──────── Entries shown
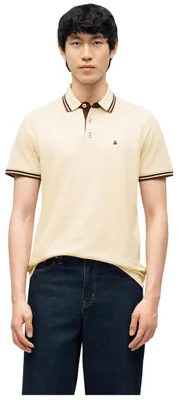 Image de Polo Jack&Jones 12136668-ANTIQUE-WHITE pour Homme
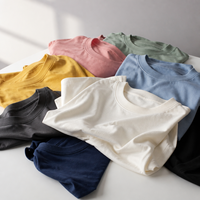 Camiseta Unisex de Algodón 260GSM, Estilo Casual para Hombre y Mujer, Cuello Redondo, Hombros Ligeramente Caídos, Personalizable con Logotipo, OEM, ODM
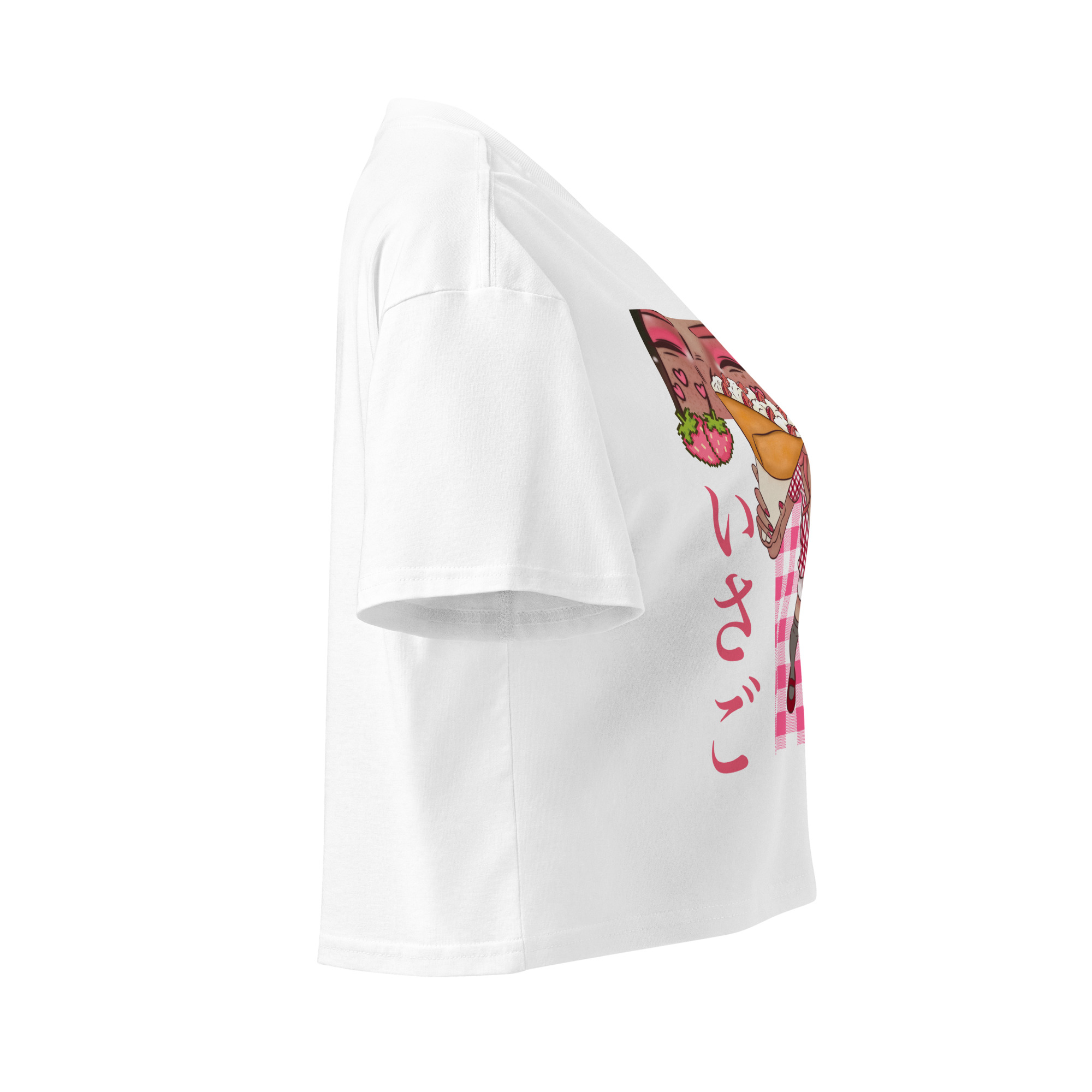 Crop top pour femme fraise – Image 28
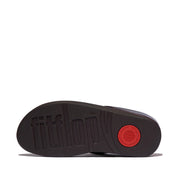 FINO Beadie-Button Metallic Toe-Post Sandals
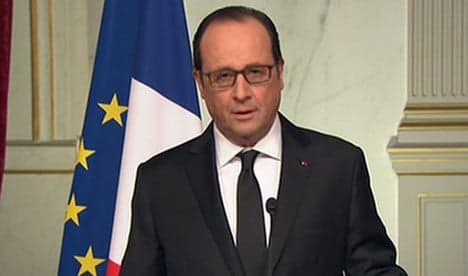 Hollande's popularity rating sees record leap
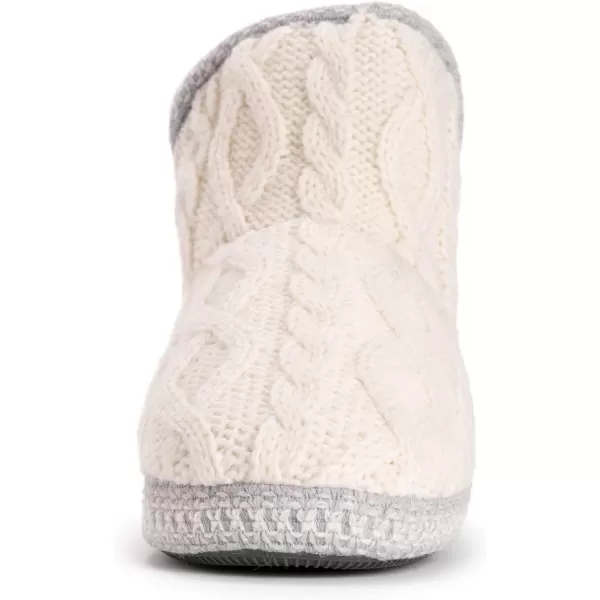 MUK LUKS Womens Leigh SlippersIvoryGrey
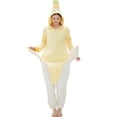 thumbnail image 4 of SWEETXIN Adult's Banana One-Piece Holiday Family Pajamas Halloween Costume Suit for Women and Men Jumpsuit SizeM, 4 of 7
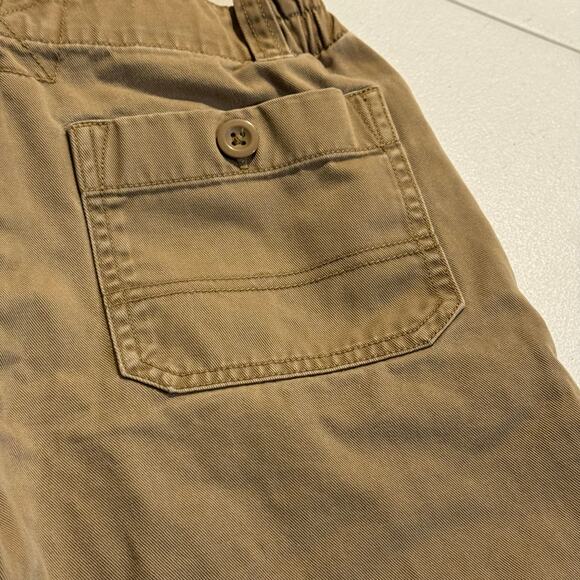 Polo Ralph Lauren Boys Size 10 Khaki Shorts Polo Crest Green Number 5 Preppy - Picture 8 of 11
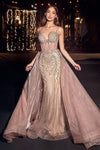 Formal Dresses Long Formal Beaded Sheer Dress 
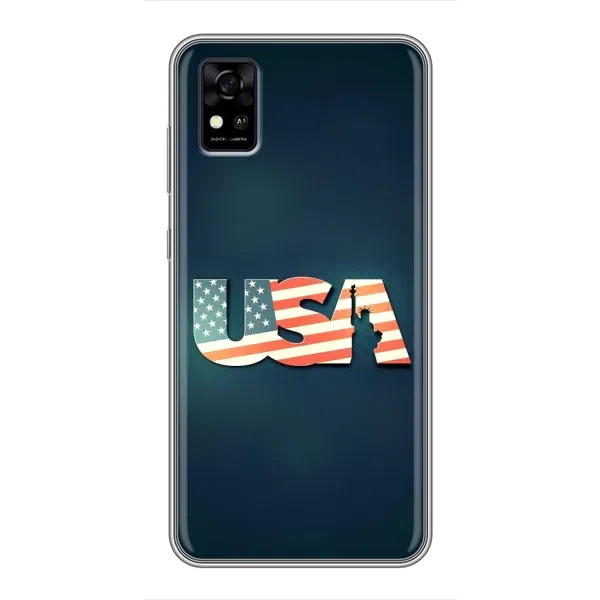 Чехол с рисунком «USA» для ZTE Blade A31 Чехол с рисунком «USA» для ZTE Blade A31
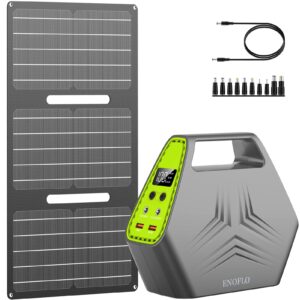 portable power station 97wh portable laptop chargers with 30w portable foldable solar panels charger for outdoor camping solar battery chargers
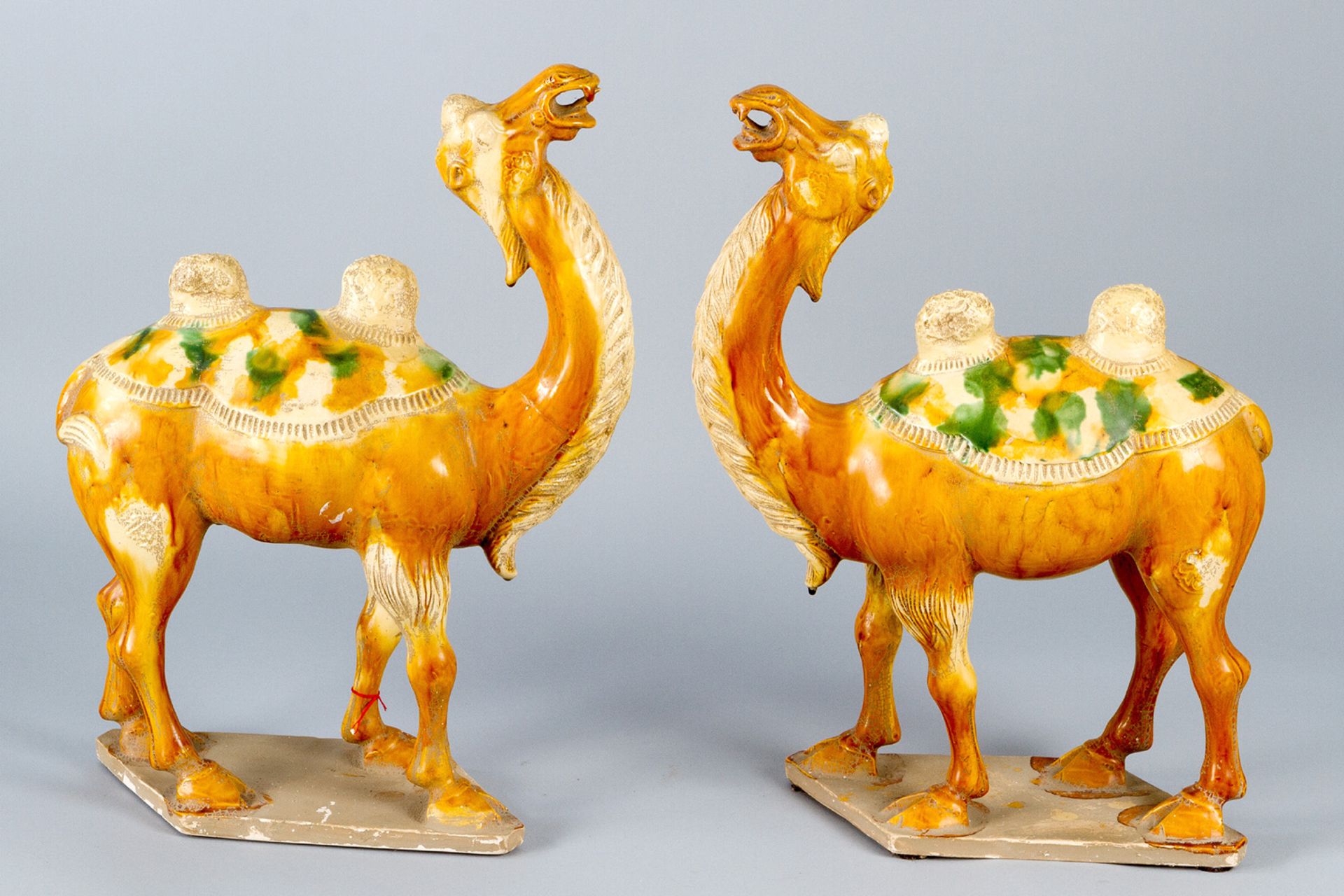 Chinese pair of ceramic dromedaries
────────────────
──────── Entries shown
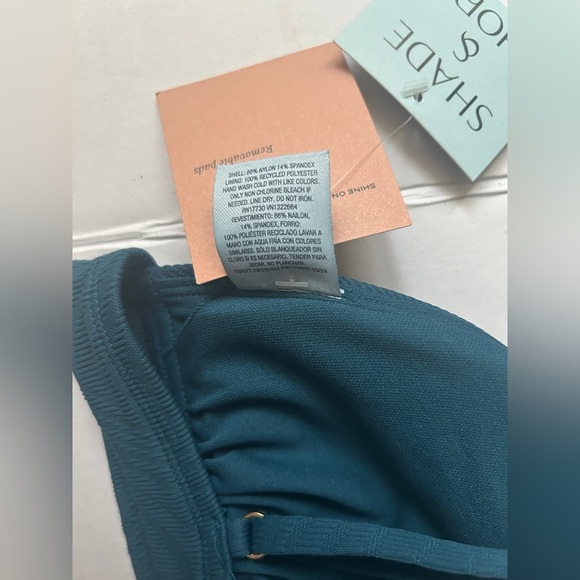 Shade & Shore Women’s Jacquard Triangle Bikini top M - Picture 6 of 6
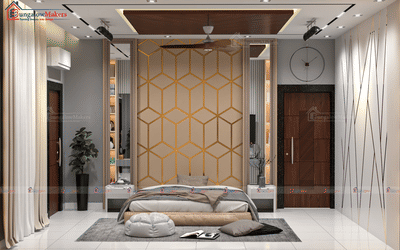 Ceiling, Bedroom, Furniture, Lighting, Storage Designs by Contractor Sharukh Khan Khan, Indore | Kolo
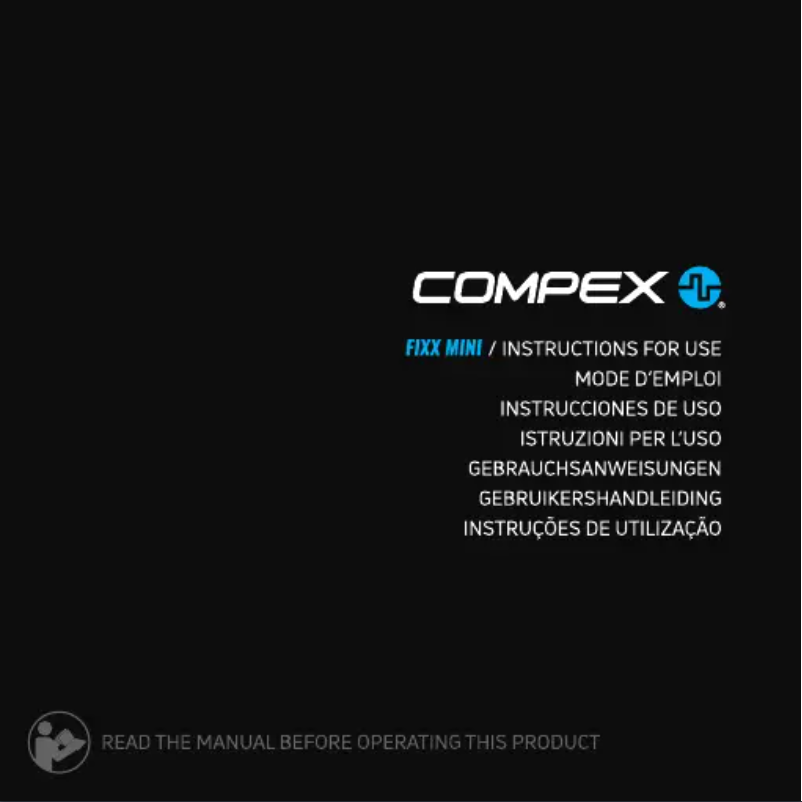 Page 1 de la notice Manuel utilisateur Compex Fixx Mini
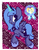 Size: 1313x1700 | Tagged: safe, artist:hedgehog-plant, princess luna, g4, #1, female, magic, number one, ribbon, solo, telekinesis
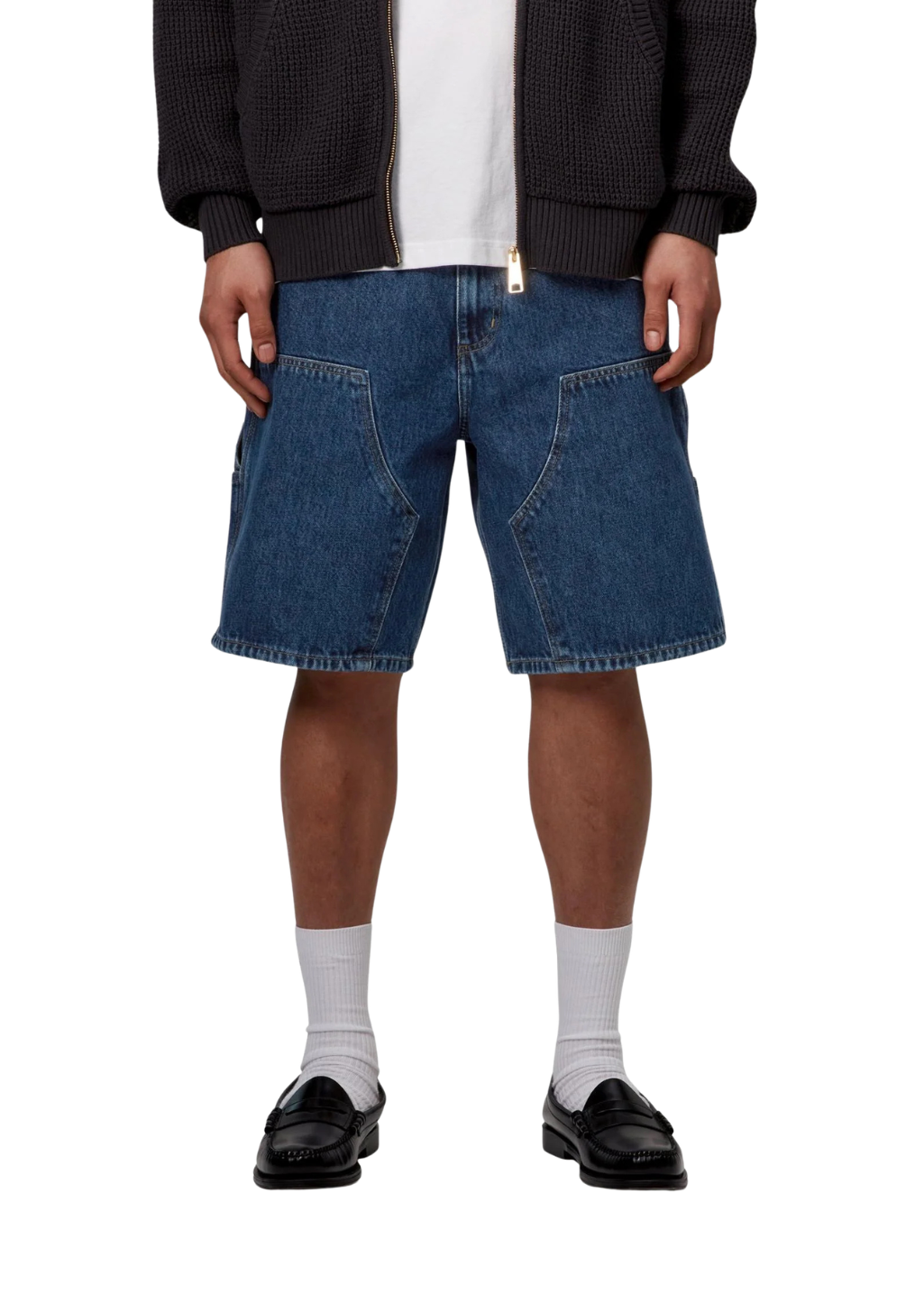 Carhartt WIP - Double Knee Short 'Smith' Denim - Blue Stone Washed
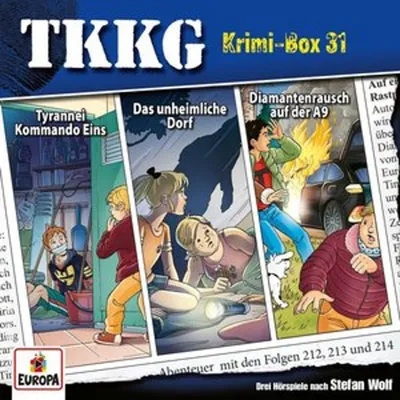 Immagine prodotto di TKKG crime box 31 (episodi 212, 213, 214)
────────────────
──────── Entries shown
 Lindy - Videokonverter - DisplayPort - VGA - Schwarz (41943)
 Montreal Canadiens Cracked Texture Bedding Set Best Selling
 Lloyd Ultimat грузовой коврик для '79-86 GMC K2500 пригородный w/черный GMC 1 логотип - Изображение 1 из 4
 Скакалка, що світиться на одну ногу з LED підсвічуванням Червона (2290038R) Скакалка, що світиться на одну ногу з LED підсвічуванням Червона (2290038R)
────────────────
Try it: Above are the records; copy from them only the lines starting at the one containing "Image de Polo" and ending at the one containing "Chinese pair of ceramic dromedaries", exactly and without pictures.

Your response:
 Image de Polo Jack&Jones 12136668-ANTIQUE-WHITE pour Homme
 Camiseta Unisex de Algodón 260GSM, Estilo Casual para Hombre y Mujer, Cuello Redondo, Hombros Ligeramente Caídos, Personalizable con Logotipo, OEM, ODM
 Crop top pour femme fraise – Image 28
 FINO Beadie-Button Metallic Toe-Post Sandals
 Hollande's popularity rating sees record leap
 MUK LUKS Womens Leigh SlippersIvoryGrey
 thumbnail image 4 of SWEETXIN Adult's Banana One-Piece Holiday Family Pajamas Halloween Costume Suit for Women and Men Jumpsuit SizeM, 4 of 7
 Polo Ralph Lauren Boys Size 10 Khaki Shorts Polo Crest Green Number 5 Preppy - Picture 8 of 11
 Formal Dresses Long Formal Beaded Sheer Dress 
 Чехол с рисунком «USA» для ZTE Blade A31 Чехол с рисунком «USA» для ZTE Blade A31
 portable power station 97wh portable laptop chargers with 30w portable foldable solar panels charger for outdoor camping solar battery chargers
 Chinese pair of ceramic dromedaries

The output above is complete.